Si le marché unique, qui compte 500 millions de consommateurs et 21 millions d'entreprises, fonctionnait mieux, nous pourrions trouver chez nous en Europe deux, trois, voire quatre points de croissance supplémentaires en quelques années. Nous n'avons pas le droit de ne pas les chercher là où ils sont et de décevoir les attentes des citoyens. Tel est l'objet du Single Market Act, de l'Acte pour le marché unique, que la Commission a approuvé le 27 octobre. Nous lançons le débat en adressant dans leur langue à tous les parlementaires nationaux, à toutes les régions, à toutes les forces économiques et sociales européennes, un petit livre bleu, et en demandant à tous de nous faire part de leurs remarques et de leurs idées pour améliorer le marché intérieur. Ce document décline nos propositions, d'inégale importance, en trois grands chapitres.

Le premier est consacré à la compétitivité des entreprises, à la capacité d'innovation. J'espère parvenir à débloquer le dossier du brevet européen, question en suspens depuis trente ans. Déposer un brevet européen coûte dix fois plus cher qu'aux Etats-Unis. La conséquence est que les porteurs d'innovation ne se protègent pas correctement, sauf dans quelques pays, ce qui laisse ailleurs le champ libre aux produits contrefaits grâce à nos inventions. Voilà un exemple des obstacles à lever pour libérer la compétitivité.

J'ai la conviction que, pour gagner la bataille de la croissance et de la compétitivité, chaque entreprise est nécessaire, mais aussi chaque citoyen.

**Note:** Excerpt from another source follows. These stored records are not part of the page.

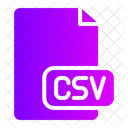 Csv  Icono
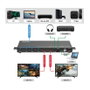 VALUE 14.99.3592 Matriz de conmutación AV HDMI 4x2 4K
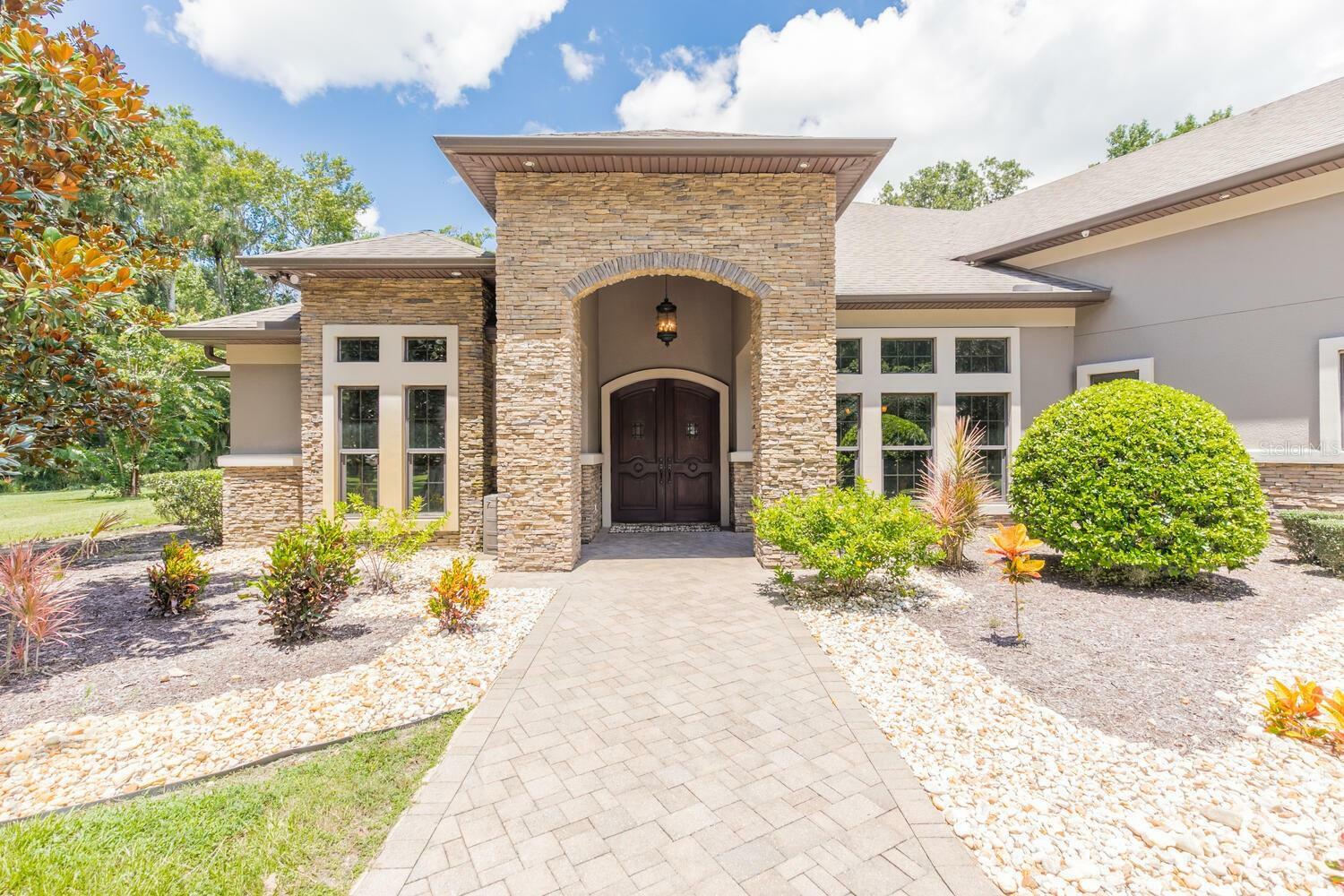 Property Photo:  55 Steeplechase Trail  FL 32136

Le deuxième chapitre s'adresse donc à celui-ci, en tant qu'acteur – entrepreneur, artisan, travailleur ou consommateur, épargnant ou actionnaire – de la vie économique.

Le troisième chapitre concerne la gouvernance, le dialogue social, le partenariat avec les régions, la mise en oeuvre de la législation européenne, les études d'impact.

De manière assez inhabituelle, nous mettons ce projet en débat pendant quatre mois, de façon que les parlements nationaux fassent remonter leurs idées. La Commission n'entend donc pas imposer ce texte. Au mois de février, nous arrêterons la liste définitive de nos propositions et les commissaires concernés par ces propositions s'engageront à leur donner corps en deux ans.